Both shoes and hair represent the folly of trying to be something other than one’s true identity. The Monkey King’s edict that all monkeys on Flower-Fruit Mountain must wear shoes represents his own desire to be more human—that is, his desire to be something he’s not, but something that he considers to be superior. In Jin’s parallel story, his white classmate Greg’s curly hair represents much the same thing: it will, in his mind, make him appear more white and less Chinese, and therefore more appealing to his crush, Amelia. In this sense, both shoes and hair represent a distillation of an entire culture or state of being into one single quality or element, something the novel suggests is misguided and ineffective at turning someone into something they’re not. The Monkey King and his fellow monkeys still look like monkeys, just ones that wear shoes, while Jin’s permed hair doesn’t stop Greg from insisting that Jin shouldn’t date Amelia for racist reasons.
This doesn’t mean, however, that the shoes and hair don’t still feel empowering to the Monkey King and Jin—the addition of shoes to the Monkey King’s wardrobe are the first step of his transformation to becoming Great Sage, Equal of Heaven, while Jin’s confidence as he dates Amelia and considers standing up to Greg’s bullying manifests visually as crackling lightning coming from his hair. However, that Jin and the Monkey King must abandon their shoes and hairdo, respectively, speaks to the futility and ineffectiveness of trying to be something they’re not—as do the reactions of those who encounter the shoes and Jin’s perm with confusion or laughter.

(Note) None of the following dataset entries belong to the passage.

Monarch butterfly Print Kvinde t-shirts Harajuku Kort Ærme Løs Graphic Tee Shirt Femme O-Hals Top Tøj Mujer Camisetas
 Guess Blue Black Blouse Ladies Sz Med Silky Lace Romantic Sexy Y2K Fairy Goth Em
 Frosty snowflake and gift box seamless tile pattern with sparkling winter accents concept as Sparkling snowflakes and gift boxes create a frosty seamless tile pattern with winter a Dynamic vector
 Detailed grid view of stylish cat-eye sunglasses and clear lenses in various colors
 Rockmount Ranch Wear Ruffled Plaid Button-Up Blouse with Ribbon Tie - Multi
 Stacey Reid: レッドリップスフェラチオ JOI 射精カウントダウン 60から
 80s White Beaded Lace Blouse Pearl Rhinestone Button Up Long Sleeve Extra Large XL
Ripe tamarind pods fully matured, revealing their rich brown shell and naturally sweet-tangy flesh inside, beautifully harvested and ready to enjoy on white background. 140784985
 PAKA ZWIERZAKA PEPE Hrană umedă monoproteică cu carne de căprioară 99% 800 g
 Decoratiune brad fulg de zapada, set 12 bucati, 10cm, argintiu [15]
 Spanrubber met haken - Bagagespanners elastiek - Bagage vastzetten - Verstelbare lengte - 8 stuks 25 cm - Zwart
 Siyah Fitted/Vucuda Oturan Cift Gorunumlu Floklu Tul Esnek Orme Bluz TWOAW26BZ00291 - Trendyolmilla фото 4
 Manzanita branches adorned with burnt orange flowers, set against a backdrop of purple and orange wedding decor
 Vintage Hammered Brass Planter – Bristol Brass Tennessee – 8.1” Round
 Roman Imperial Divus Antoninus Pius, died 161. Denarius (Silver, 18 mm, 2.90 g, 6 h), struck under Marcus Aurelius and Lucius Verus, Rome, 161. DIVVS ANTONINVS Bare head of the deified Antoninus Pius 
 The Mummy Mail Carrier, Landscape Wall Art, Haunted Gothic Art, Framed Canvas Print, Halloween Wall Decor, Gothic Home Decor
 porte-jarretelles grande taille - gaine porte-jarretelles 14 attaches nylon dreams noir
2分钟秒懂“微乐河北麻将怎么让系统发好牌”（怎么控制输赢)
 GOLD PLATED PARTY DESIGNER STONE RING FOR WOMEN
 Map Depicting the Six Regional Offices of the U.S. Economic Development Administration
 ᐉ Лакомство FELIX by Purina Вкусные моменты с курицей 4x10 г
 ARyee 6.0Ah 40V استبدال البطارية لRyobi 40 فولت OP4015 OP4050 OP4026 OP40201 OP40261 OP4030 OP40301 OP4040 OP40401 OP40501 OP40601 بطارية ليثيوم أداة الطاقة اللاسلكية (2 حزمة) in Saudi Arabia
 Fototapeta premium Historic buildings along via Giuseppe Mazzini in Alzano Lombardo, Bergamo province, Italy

Shoes and Hair Quotes in American Born Chinese
“I, too, am a deity! I am a committed disciple of the arts of kung-fu and I have mastered the four heavenly disciplines, prerequisites to immortality!”
“That’s wonderful, sir, absolutely wonderful! Now please, sir—”
“I demand to be let into this dinner party!”
“Look. You may be a king—you may even be a deity—but you are still a monkey.”
When he entered his royal chamber, the thick smell of monkey fur greeted him. He’d never noticed it before. He stayed awake for the rest of the night thinking of ways to get rid of it.
The morning after the dinner party the Monkey King issued a decree throughout all of Flower-Fruit Mountain: all monkeys must wear shoes.
“This ‘Monkey King’ it speaks of no longer exists, for I have mastered twelve major disciplines of kung-fu and transcended my former title! I shall now be called—The Great Sage, Equal of Heaven!”
“It’s just that she’s a good friend and I want to make sure she makes good choices, you know? We’re almost in high school. She has to start paying attention to who she hangs out with.
Aw, geez. Look, Jin. I’m sorry. That sounded way harsher than I meant it to. I just don’t know if you’re right for her, okay? That’s all.”
I replayed the day’s events over and over again in my mind. Each time I reached the same conclusion: Wei-Chen needed to hear what I had to say. It was, after all, the truth. And at around three in the morning, I finally believed myself.
I dreamt of the herbalist’s wife.
“So, little friend. You’ve done it. Now what would you like to become?”